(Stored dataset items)
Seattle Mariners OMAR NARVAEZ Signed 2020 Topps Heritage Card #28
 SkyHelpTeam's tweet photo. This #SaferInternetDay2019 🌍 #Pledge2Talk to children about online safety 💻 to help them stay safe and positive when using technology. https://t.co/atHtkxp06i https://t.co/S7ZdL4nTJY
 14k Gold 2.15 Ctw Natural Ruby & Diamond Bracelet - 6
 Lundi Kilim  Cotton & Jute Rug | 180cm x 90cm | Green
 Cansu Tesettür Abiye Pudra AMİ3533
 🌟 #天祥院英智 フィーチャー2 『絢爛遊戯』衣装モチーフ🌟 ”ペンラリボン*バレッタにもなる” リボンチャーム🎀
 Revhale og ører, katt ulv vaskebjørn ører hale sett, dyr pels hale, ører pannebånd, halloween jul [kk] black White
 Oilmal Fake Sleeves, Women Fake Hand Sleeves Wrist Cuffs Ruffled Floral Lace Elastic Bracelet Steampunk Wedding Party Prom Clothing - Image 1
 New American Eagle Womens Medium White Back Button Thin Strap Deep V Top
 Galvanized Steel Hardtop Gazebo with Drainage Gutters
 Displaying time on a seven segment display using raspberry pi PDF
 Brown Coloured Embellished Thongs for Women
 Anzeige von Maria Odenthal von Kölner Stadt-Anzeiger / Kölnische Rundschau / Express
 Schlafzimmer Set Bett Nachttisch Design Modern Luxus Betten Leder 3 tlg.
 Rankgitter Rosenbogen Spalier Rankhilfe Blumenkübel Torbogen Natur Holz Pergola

(Exercise aim):
Whenever the word "using" shows up in a line above, copy that line.

(Task output):
 SkyHelpTeam's tweet photo. This #SaferInternetDay2019 🌍 #Pledge2Talk to children about online safety 💻 to help them stay safe and positive when using technology. https://t.co/atHtkxp06i https://t.co/S7ZdL4nTJY
 Displaying time on a seven segment display using raspberry pi PDF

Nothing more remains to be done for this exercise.